# Split single column into two columns use apply()
df[['First Name', 'Last Name']] = df["Student_details"].apply(lambda x: pd.Series(str(x).split(",")))
print(df)
1- why when i change the code to .apply(lambda x: str(x).split("," , expand=True))
i got an error which is "expand is invalid argument to split function"
2- why do i have to use pd.Series() although the default return value of str.split() is Series
3- how does pd.Series() return a series while it returns a DF -here-
i tried to write expand and use it normally but it didn't work
here is the DF
import pandas as pd
import numpy as np
technologies = {
'Student_details':["Pramodh_Roy", "Leena_Singh", "James_William", "Addem_Smith"],
'Courses':["Spark", "PySpark", "Pandas", "Hadoop"],
'Fee' :[25000, 20000, 22000, 25000]
}
df = pd.DataFrame(technologies)
print(df)
CodePudding user response:
df[['First Name', 'Last Name']] = df["Student_details"].str.split("_", expand=True)
I don't get what you want... is it about the solution above?
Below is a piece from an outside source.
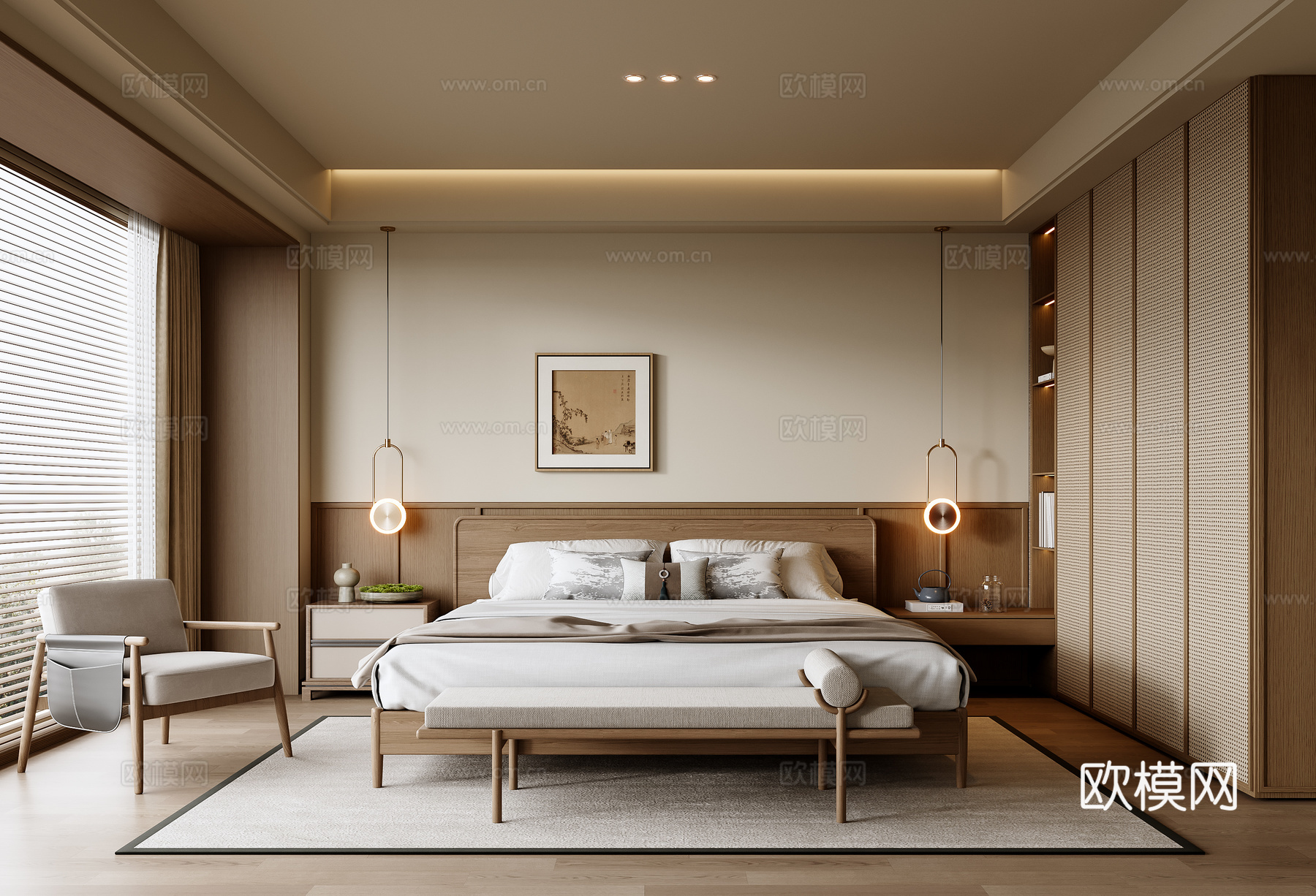 新中式卧室su模型下载（渲染图1）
Or do you really wanna know why #1 throws an error?
EDIT 1: The expand parameter does not exist for the split function of the str type you are referring to, as this is the str type of python. The expand parameter has been written for the split function for a Series in pandas.
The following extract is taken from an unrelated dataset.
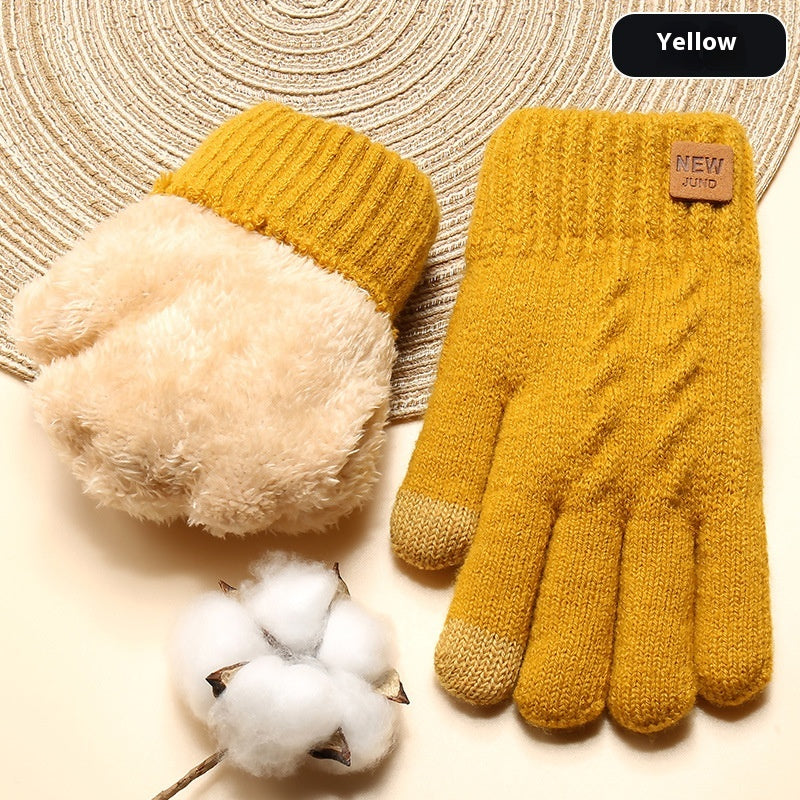 Luvas Femininas de Camada Dupla com Forro de Fleece para Ciclismo - Inverno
EDIT 2: Re your third question: As you can see in my suggestion, I'm not using even the pd.Series function, however of course the df["Student_details"] is a series. The key here in my answer is, that the "expand" parameter is here returning a DF with as many columns as required for the split results. So if one of the names were "a_b_c_d" I would get in total a df with four columns.
CodePudding user response:
FYI, this does work:
technologies = {
'Student_details':["Pramodh_Roy", "Leena_Singh", "James_William", "Addem_Smith"],
'Courses':["Spark", "PySpark", "Pandas", "Hadoop"],
'Fee' :[25000, 20000, 22000, 25000]
}
df = pd.DataFrame(technologies)
df[['First Name', 'Last Name']] = df["Student_details"].apply(lambda x: pd.Series(str(x).split("_")))
print(df)
Output:
Student_details Courses Fee First Name Last Name
0 Pramodh_Roy Spark 25000 Pramodh Roy
1 Leena_Singh PySpark 20000 Leena Singh
2 James_William Pandas 22000 James William
3 Addem_Smith Hadoop 25000 Addem Smith